Un licenciement mal géré peut coûter très cher à un employeur. Et pour un salarié, contester une rupture abusive de contrat sans connaître la procédure revient à naviguer à l’aveugle. Comprendre la procédure de licenciement devant les prud’hommes est une nécessité pratique, que l’on soit employeur ou salarié. Le droit du travail encadre strictement chaque étape, des formalités préalables au licenciement jusqu’au jugement rendu par le conseil de prud’hommes. Maîtriser ces règles permet d’anticiper les risques, de faire valoir ses droits et d’éviter les erreurs de procédure qui peuvent compromettre toute une stratégie juridique. Ce guide détaille les mécanismes concrets à connaître.
Les étapes concrètes d’une procédure de licenciement
Tout licenciement suit un chemin balisé par le Code du travail.

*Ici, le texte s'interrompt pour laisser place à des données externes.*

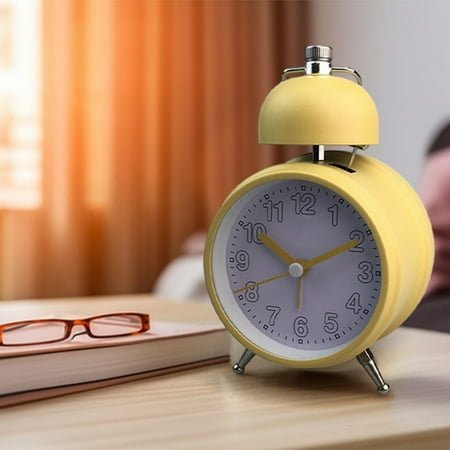 UAEBM Creatives Metal Bell Alarm Clock Single Bell Clock Large Bell Bell Simples Style Candy Colored Metal Bell Clock Yellow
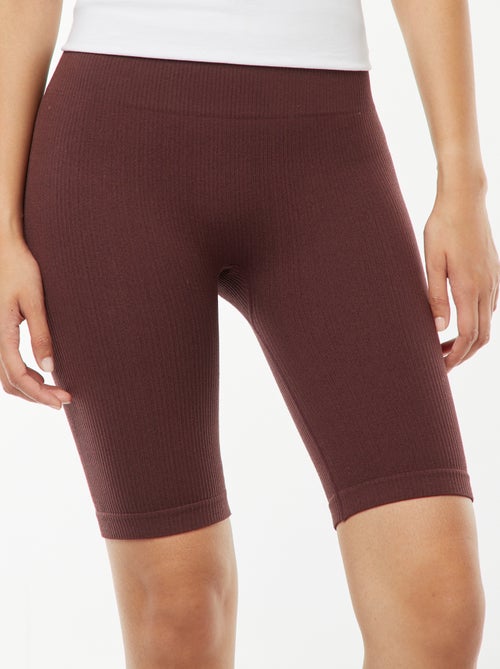 Calções de ciclista em malha nervurada - Kiabi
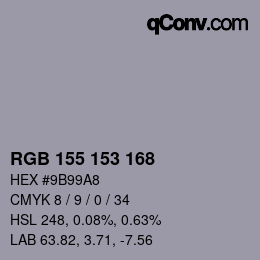 Color code: RGB 155 153 168 | qconv.com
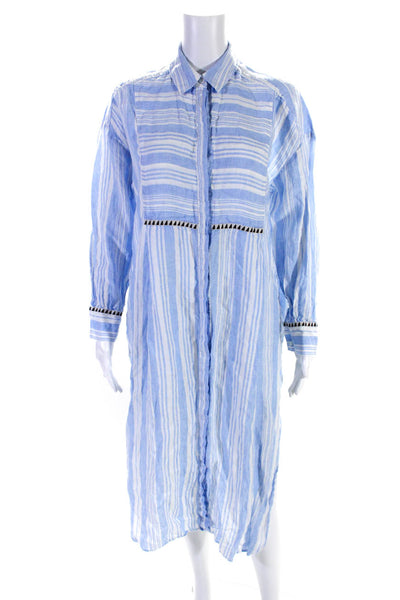 Lemlem Womens Linen Long Sleeve Striped Coverup Dress Blue Size XS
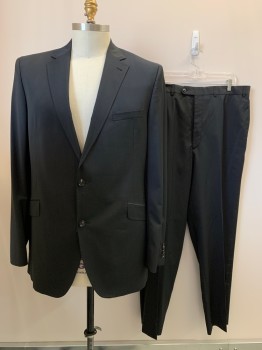 TED BAKER, Black, Wool, Polyester, Solid, 2 Buttons, Single Breasted, Notched Lapel, 3 Pockets,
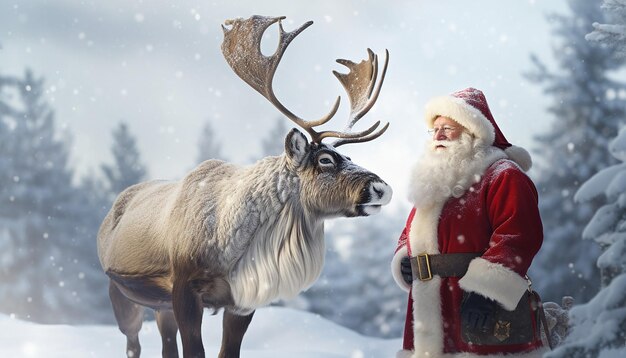 Foto kerstman en rudolph in een prachtig winterwonderland met sneeuwlandschap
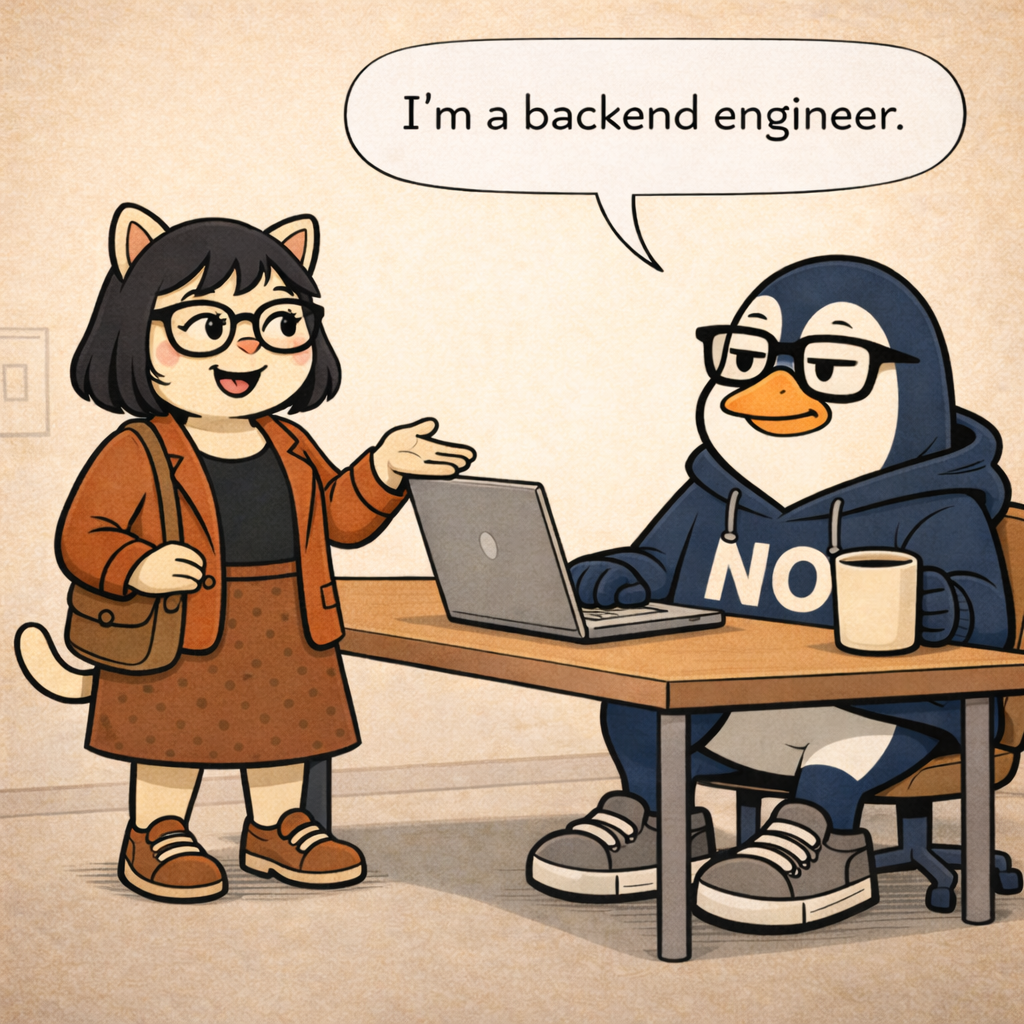 Nullwing deadpans: I'm a backend engineer. Pawla is unfazed.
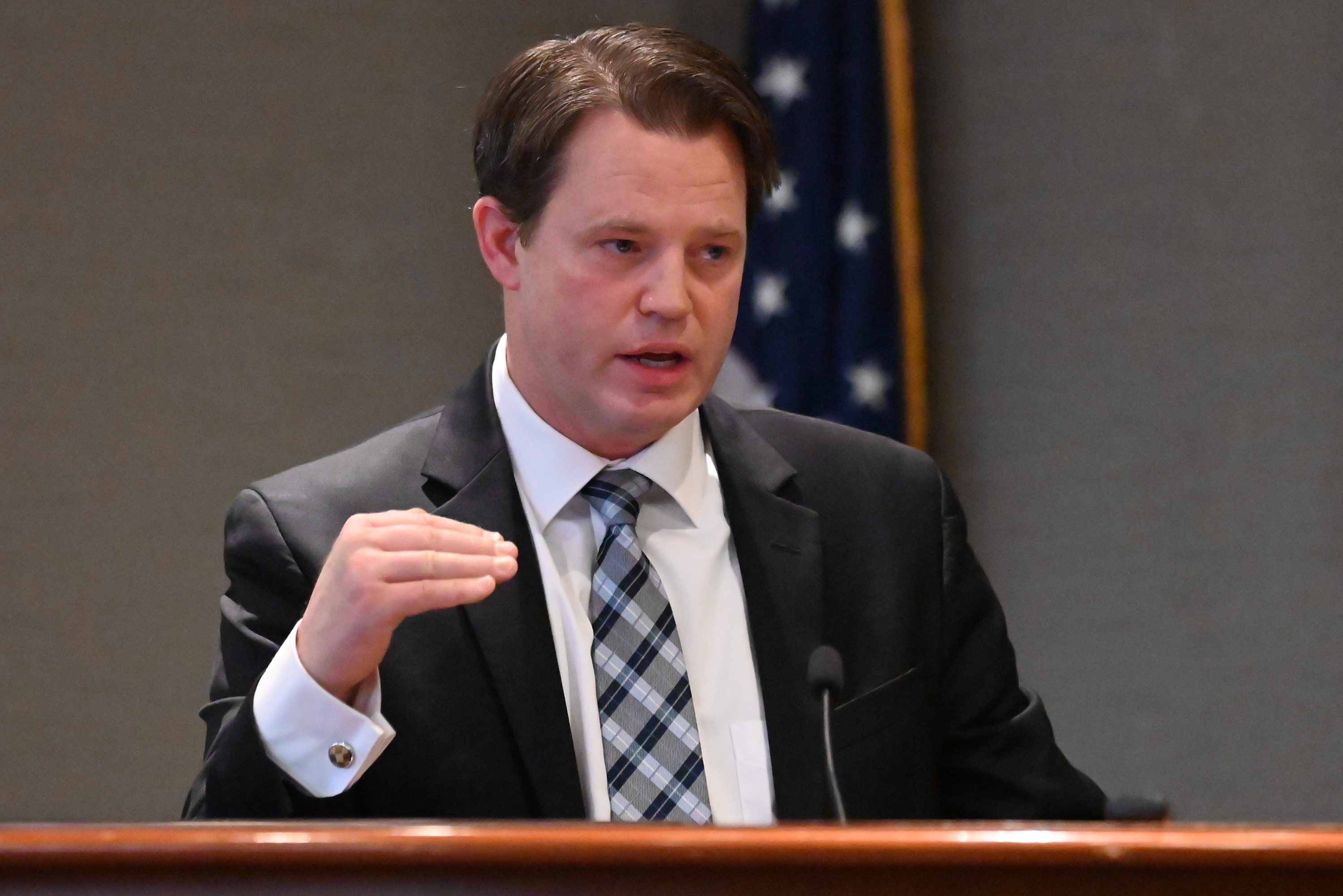 Wilkes-Barre real estate broker Darren Snyder testifies during the one...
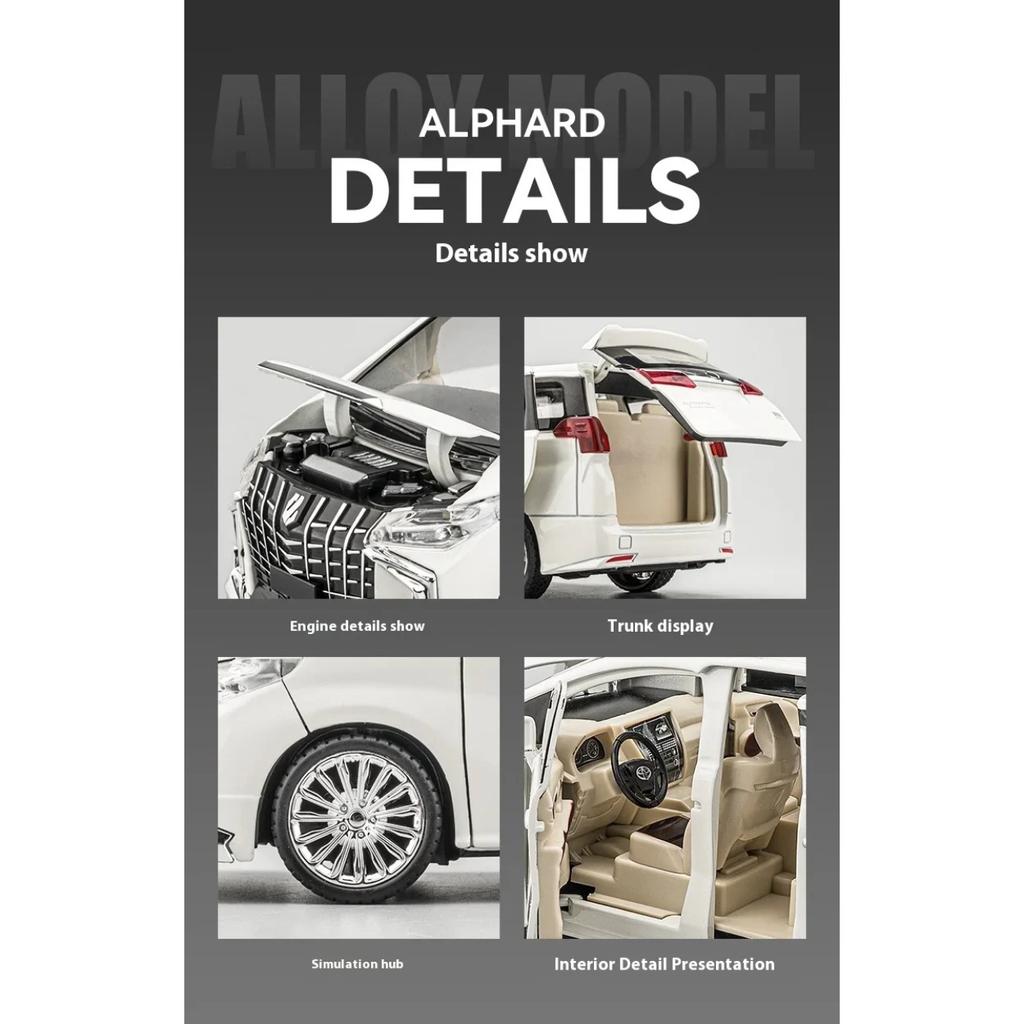 1/24 TOYOTA Alphard Luxury MPV литая модель автомобиля из сплава металла со звуком и светом коллекционирование хобби высокая имитационная модель подарок для мальчика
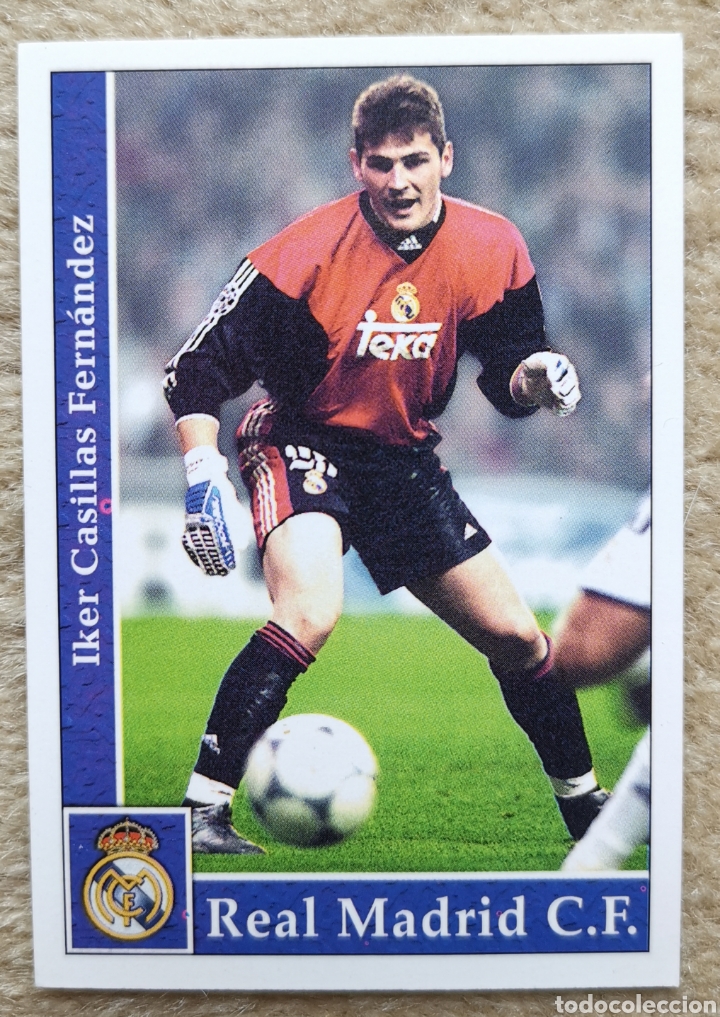 Cromos de f&uacute;tbol: Card Iker Casillas 3 - Real Madrid Club de F&uacute;tbol - Fichas de la Liga 2001 2002 Mundicromo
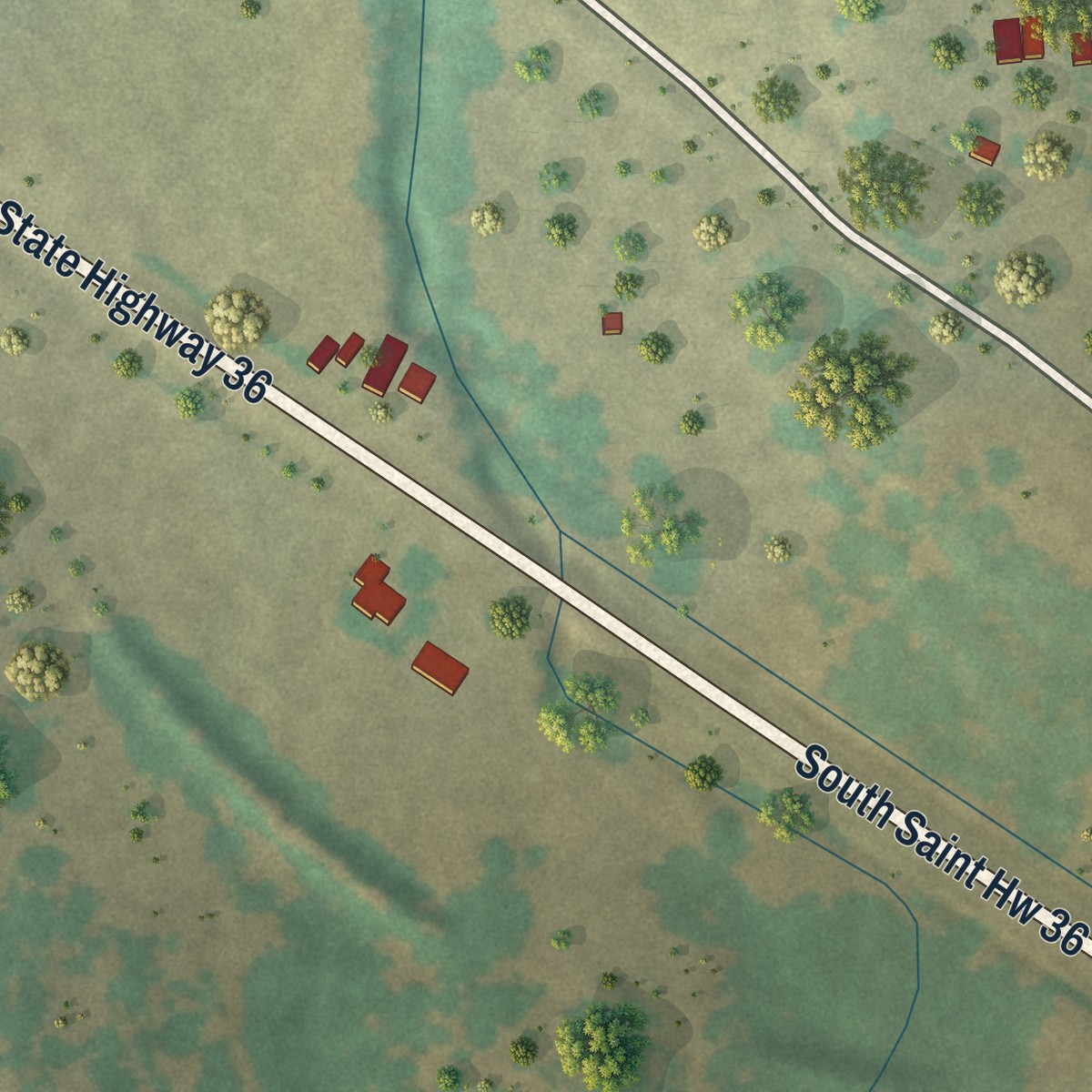 Second close-up of the map of Flat, Texas print showing more streets and buildings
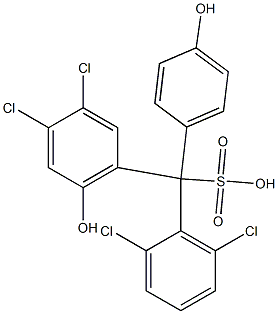 (2,6-Dichlorophenyl)(3,4-dichloro-6-hydroxyphenyl)(4-hydroxyphenyl)methanesulfonic acid Struktur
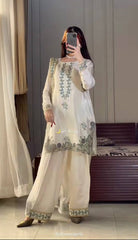 Designer Pastel Blue 3-Piece Salwar Kameez Set - Embroidered Silk Kurta with Matching Scalloped Dupatta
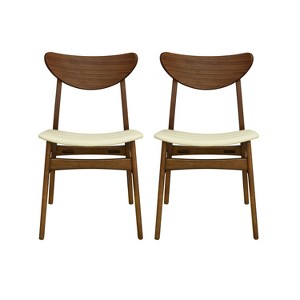 Christopher Knight Home Set of 2 Josie Mid-Century Modern Rubber Wood Faux Leather Dining Chairs Beige/Walnut - 1 of 4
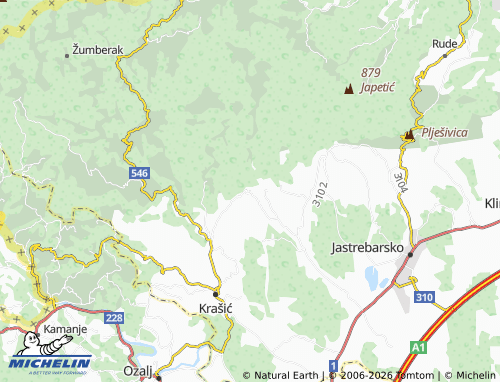 Mapa MICHELIN Slavetić - ViaMichelin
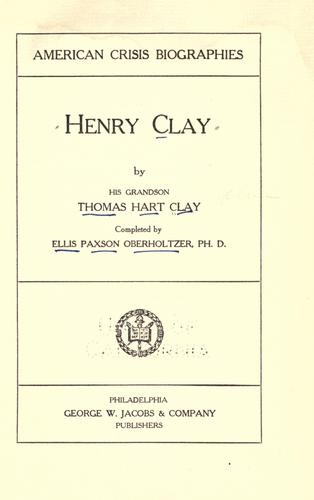Cover for Henry Clay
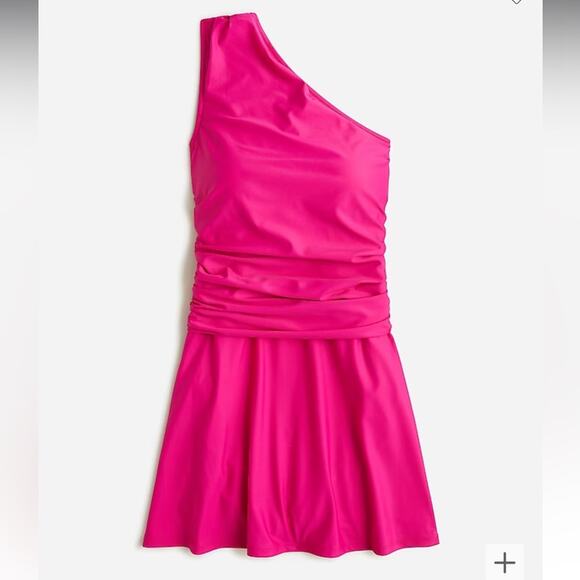 🆕 J. Crew Pink Swim Dress Skirt Asymmetrical Ruched One Shoulder Blogger Fan Fav - Picture 4 of 13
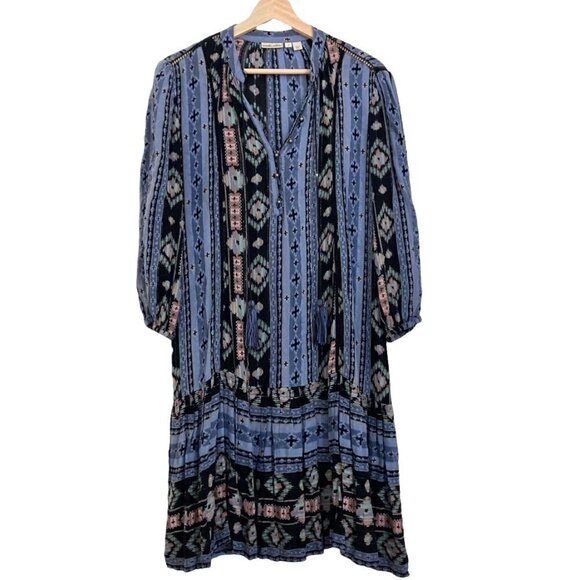 ANTHROPOLOGIE Holding Horses Winter Moon Blue Aztec Print Tunic Peasant Dress - Picture 7 of 13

L’employeur ne peut pas mettre fin à un contrat de travail sans respecter un formalisme précis, sous peine de voir la rupture requalifiée en licenciement sans cause réelle et sérieuse. La procédure commence bien avant la notification officielle.
La première étape est la convocation à un entretien préalable. L’employeur doit adresser au salarié une convocation écrite, en recommandé ou remise en main propre, précisant l’objet de la réunion et la possibilité de se faire assister. Cet entretien doit se tenir au moins cinq jours ouvrables après la réception de la convocation.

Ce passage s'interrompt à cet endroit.